Copy it immediately into your secret manager. EntryBit stores only a [SHA-256 hash](/docs/api-keys/overview/) and **cannot show the key again** — if you lose it, revoke it and mint a replacement. Never commit a key to source control, paste it into a client app, or log it.

## Revoke a key

In **Settings → API keys**, revoke any key you no longer trust or need. Revocation takes effect immediately: the next request using that key is rejected with `401`. Revoke a key the moment it may have leaked, a teammate with access leaves, or an integration is retired.

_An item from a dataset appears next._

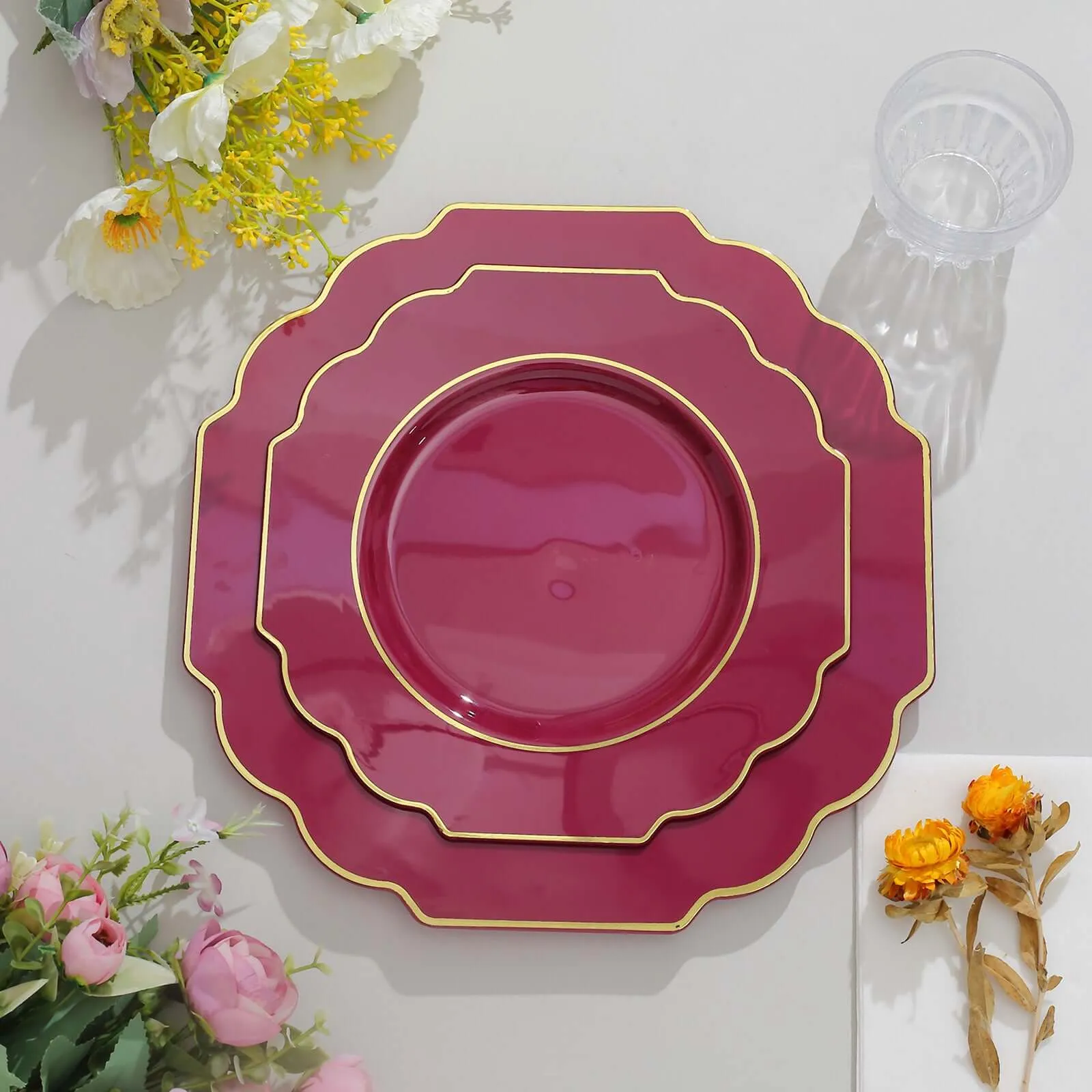 10 Pack 8" Burgundy Heavy Duty Disposable Baroque Salad Plates with Gold Rim, Hard Plastic Dessert Appetizer Plates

Because minting and revoking both require `org:api_keys` + CSRF and are audited, you get an accountable trail of who created and killed each key.

## Rotation

To rotate without downtime:

1. **Mint** a new key with the same scopes.
2. **Deploy** it to your server / secret manager.
3. **Verify** traffic is flowing on the new key.
4. **Revoke** the old key.

Setting an **expiry** at creation turns rotation into a scheduled habit rather than an afterthought.

## Using the key

Once you have the secret, see [Authenticating requests](/docs/api-keys/authenticating/) for how to send it, and the [Organization API](/docs/api-reference/organization/) for the endpoints it can call.

> This page is about **API keys** (server secrets). Registering an app that signs *users* in is a different task — see [Register an app](/docs/oauth/register-an-app/) under **Settings → Team → OAuth apps**.